Subsituting the equation (16) in the state equation of the state-space model (12), we obtain:

(17) $\begin{align*}\big(I -hA \big)\mathbf{x}_{k}= \mathbf{x}_{k-1}+hBu_{k}\end{align*}$

From this equation, we obtain:

(18) $\begin{align*} \mathbf{x}_{k}=A_{db}\mathbf{x}_{k-1}+B_{db}u_{k}\end{align*}$

where

(19) $\begin{align*} A_{db} = \big(I-hA\big)^{-1}, \;\; B_{db}= h \big(I - hA\big)^{-1}B\end{align*}$

Starting from the initial condition $\mathbf{x}_{0}$ and using the control input sequence $u_{1},u_{2},u_{3},\ldots$ , we can generate the discretized state sequence $\mathbf{x}_{1}, \mathbf{x}_{2}, \mathbf{x}_{3}, \ldots$ , by propagating the equation (18). Once the state sequence is generated, we can easily generate the output sequence by using the equation $y_{k}=C\mathbf{x}_{k}$ . We use this method to discretize the state-space model.

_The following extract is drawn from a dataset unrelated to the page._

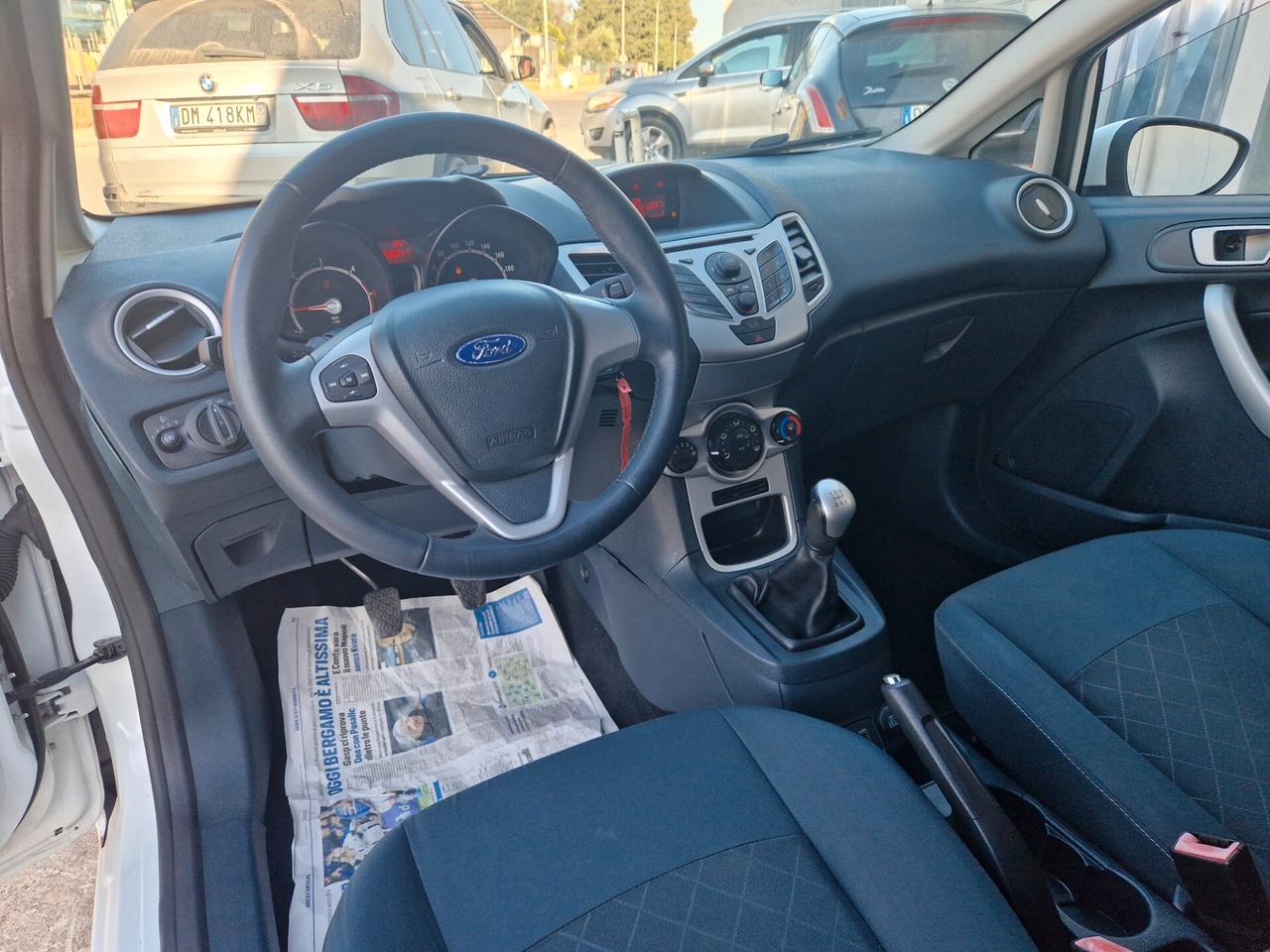 Ford Fiesta Ikon 1.4 TDCi 70CV 5 porte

The Python code for discretizing the state-space model is given below.

import numpy as np
import matplotlib.pyplot as plt

# define the continuous-time system matrices

A=np.matrix([[0, 1],[- 0.1, -0.05]])
B=np.matrix([[0],[1]])
C=np.matrix([[1, 0]])
#define an initial state for simulation
x0=np.random.rand(2,1)

#define the number of time-samples used for the simulation and the sampling time for the discretization
time=300
sampling=0.5

#define an input sequence for the simulation
#input_seq=np.random.rand(time,1)
input_seq=np.ones(time)
#plt.plot(input_sequence)


# the following function simulates the state-space model using the backward Euler method
# the input parameters are:
#    -- A,B,C              - continuous time system matrices 
#    -- initial_state      - the initial state of the system 
#    -- time_steps         - the total number of simulation time steps 
#    -- sampling_perios    - the sampling period for the backward Euler discretization 
# this function returns the state sequence and the output sequence
# they are stored in the vectors Xd and Yd respectively
def simulate(A,B,C,initial_state,input_sequence, time_steps,sampling_period):
    from numpy.linalg import inv
    I=np.identity(A.shape[0]) # this is an identity matrix
    Ad=inv(I-sampling_period*A)
    Bd=Ad*sampling_period*B
    Xd=np.zeros(shape=(A.shape[0],time_steps+1))
    Yd=np.zeros(shape=(C.shape[0],time_steps+1))
    
    for i in range(0,time_steps):
       if i==0:
           Xd[:,[i]]=initial_state
           Yd[:,[i]]=C*initial_state
           x=Ad*initial_state+Bd*input_sequence[i]
       else:
           Xd[:,[i]]=x
           Yd[:,[i]]=C*x
           x=Ad*x+Bd*input_sequence[i]
    Xd[:,[-1]]=x
    Yd[:,[-1]]=C*x
    return Xd, Yd
    
state,output=simulate(A,B,C,x0,input_seq, time ,sampling)    


plt.plot(output[0,:])
plt.xlabel('Discrete time instant-k')
plt.ylabel('Position- d')
plt.title('System step response')

A few comments are in order. The code lines 6-8 are used to define an arbitrary mass-spring system. The code line 10 is used to define an initial condition. The code line 13 is used to define the total number of discrete-time steps. The code line 14 defines the discretization time constant $h$ . The code line 18 defines a control input sequence. The control input sequence is equal to $1$ at every time sample. This is a so-called step input sequence, and the corresponding output is called the step response of the system. The code lines 30-49 define a function for discretizing the state-space model. The code lines 51-57 are used to generate the system output and to plot it. The result is given in Figure 3 below.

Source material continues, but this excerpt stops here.